Prenses’in tıpkı tüm etten kemikten, gerçek ve iyi çocuklar gibi bazen yaramazlık ettiği olurdu ama o hafta boyunca uslu davranmıştı. Bu nedenle Dadı, çarşamba sabahı küçük arkadaşlarını davet edip bütün günü beraber geçirmelerine izin verdi. Çünkü o ülkede haftanın son günü çarşambaydı.
O gün öğleden sonra tüm küçük dükler, düşesler, markizler ve kontesler sütlaçlarını bitirip ellerini ve yüzlerini yıkayınca Dadı şöyle dedi: “Şimdi benim güzellerim, bugün ne yapmak istersiniz bakalım?”

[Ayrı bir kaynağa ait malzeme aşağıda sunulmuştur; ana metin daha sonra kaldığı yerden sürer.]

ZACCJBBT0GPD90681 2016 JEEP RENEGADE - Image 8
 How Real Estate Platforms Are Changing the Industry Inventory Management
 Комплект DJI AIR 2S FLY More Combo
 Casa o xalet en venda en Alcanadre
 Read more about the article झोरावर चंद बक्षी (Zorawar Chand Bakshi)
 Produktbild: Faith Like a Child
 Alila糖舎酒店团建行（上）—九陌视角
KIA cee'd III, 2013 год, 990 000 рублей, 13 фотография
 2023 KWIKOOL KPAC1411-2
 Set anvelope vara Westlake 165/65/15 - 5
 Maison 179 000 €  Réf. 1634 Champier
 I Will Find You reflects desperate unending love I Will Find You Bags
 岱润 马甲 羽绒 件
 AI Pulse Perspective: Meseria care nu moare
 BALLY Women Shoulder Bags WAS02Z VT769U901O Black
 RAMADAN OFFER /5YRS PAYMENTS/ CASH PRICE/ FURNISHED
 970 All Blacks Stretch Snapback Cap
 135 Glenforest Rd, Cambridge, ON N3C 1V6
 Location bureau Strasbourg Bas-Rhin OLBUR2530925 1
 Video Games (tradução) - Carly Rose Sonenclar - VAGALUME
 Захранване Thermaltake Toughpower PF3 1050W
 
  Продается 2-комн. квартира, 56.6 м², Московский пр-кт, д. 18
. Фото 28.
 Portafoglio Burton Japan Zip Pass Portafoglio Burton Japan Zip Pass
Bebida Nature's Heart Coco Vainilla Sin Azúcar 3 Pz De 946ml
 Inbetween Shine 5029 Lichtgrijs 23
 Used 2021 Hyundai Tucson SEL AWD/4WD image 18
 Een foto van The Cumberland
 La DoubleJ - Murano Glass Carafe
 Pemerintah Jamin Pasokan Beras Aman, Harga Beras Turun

Sanki bilmiyormuş gibi! Cevap her zaman aynıydı:
“Hayvanat bahçesine gidip büyük kobay faresine binelim, tavşanlara yem verip fındıkfaresinin uyurken çıkardığı sesleri dinleyelim.”
Böylece önlüklerini çıkarıp hep birlikte hayvanat bahçesine gittiler. Burada yirmi çocuk aynı anda bir kobay faresine binebilir ve eğer bir yetişkin onları yukarı kaldırma nezaketini gösterirse küçük çocuklar kocaman tavşanları besleyebilirdi.
Her zaman böyle biri bulunurdu çünkü Rotundia’da herkes çok iyi kalpliydi. Bir kişi hariç.
Buraya kadar okuduğunuza göre Rotundia Krallığı’nın harikulade bir yer olduğunu elbette biliyorsunuz. Eğer dikkatli bir okursanız (tabii ki öylesiniz) bu ülkenin en harikulade tarafının ne olduğunu size söylememe hiç gerek yok. Ama (muhtemelen) dikkatli bir okur olmayabilirsiniz.